Kevin Parmenter, PSD Contributor
Currently solid-state lighting is the state-of-the-art favorite application for managing light more efficiently through energy-management controls. The technology is fantastic, the improvements dramatic, and the uses seem almost unlimited. However, the entry of solid-state technology in lighting has not been without its drawbacks. First and foremost, the lighting industry has seen itself as a commodity for decades.
The market for control ICs is crowded with hundreds of parts from many semiconductor companies, usually without much differentiation. The LED lighting power supply market is also very crowded and competitive, and also provides little differentiation. The new types of differentiation may come in the form of sophisticated wireless control technology, such as Bluetooth and or Wi-Fi connectivity, with or without DALI interface capability. This allows individual lamps or fixtures to control light output, on-off or dim or sometimes color temperature of the light output, from a phone, computer or router that is part of the IoT.
Commercial retail stores re looking to modulate light as a way of pushing location-based communications to customers. For example, a phone app for a retailer can pick up location-based information from the modulation of the solid-state lighting and can tell if the customer is located in the cosmetics isle so they can push a bar coded coupon for 30% off a product to them. This is no longer a commodity and it comes out of a different (larger) budget than the lighting for the store.
One side of the lighting market is a race to the bottom and in other niches it’s all about adding features and functionality. As we replace electrical products with sophisticated electronics we are learning that transients and surges, which were no threat to electrical lamps and magnetic ballasts, are now able to easily destroy sensitive electronics – especially sensitive are ones that have been highly cost reduced to take out that expensive protection!

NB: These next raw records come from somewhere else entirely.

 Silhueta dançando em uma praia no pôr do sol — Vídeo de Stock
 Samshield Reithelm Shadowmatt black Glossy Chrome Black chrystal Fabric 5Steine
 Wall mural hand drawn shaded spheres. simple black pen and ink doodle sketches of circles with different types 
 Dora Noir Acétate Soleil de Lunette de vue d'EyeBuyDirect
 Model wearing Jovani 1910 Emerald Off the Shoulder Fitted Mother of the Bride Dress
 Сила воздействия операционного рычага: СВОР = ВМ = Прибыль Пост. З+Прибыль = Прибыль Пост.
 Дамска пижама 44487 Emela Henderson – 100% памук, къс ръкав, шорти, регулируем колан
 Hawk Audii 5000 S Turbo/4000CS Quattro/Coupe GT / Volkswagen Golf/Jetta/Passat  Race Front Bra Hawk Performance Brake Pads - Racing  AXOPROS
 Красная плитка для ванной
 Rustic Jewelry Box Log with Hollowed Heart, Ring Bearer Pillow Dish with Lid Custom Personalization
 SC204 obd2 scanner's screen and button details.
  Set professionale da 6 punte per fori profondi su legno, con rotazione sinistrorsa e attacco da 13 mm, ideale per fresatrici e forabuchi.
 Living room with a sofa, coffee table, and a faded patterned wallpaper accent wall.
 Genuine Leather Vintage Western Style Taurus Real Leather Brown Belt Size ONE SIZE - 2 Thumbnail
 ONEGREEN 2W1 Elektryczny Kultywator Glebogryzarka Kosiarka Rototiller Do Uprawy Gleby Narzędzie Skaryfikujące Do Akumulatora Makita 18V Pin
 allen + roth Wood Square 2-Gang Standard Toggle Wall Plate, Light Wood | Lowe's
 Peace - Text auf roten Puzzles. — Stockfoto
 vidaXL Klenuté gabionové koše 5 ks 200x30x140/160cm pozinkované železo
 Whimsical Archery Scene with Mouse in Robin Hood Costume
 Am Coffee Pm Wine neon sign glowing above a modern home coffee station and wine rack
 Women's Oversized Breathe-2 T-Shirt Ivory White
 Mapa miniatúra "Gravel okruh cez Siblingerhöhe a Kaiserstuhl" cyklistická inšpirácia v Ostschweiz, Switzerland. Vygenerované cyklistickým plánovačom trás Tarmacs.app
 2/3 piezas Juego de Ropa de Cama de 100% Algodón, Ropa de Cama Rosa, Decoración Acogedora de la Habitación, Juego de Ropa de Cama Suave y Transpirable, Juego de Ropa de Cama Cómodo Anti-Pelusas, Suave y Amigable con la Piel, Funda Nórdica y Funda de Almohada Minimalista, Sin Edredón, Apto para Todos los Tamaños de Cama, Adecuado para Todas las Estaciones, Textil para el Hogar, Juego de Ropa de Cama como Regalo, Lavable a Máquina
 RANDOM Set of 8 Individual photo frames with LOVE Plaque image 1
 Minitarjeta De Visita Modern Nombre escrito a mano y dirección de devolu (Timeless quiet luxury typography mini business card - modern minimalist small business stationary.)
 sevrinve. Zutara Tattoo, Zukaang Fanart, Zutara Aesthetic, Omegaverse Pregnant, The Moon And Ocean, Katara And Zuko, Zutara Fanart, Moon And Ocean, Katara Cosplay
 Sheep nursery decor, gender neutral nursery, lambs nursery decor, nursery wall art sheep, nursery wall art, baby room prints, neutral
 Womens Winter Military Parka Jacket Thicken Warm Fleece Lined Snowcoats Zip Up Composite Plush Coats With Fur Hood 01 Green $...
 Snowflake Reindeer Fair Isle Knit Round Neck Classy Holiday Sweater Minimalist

This has led to some great protection devices from companies such as Littelfuse with their LSP10xxx series that protects from lightning strikes. In applications where repair and downtime are expensive such protection is highly desirable. There is still innovation to be had in the area of thermal management of the fixtures and lamps themselves.
I believe we are in the realistic phase of the adoption of LED lighting in actual productive applications, which are new and varied. The market will continue to grow with pockets of profitability; the market has many of the same attributes as the consumer electronics market – you have to have the latest technology at the best price and keep up with the innovation, the market is brutal so make sure you have what it takes to compete.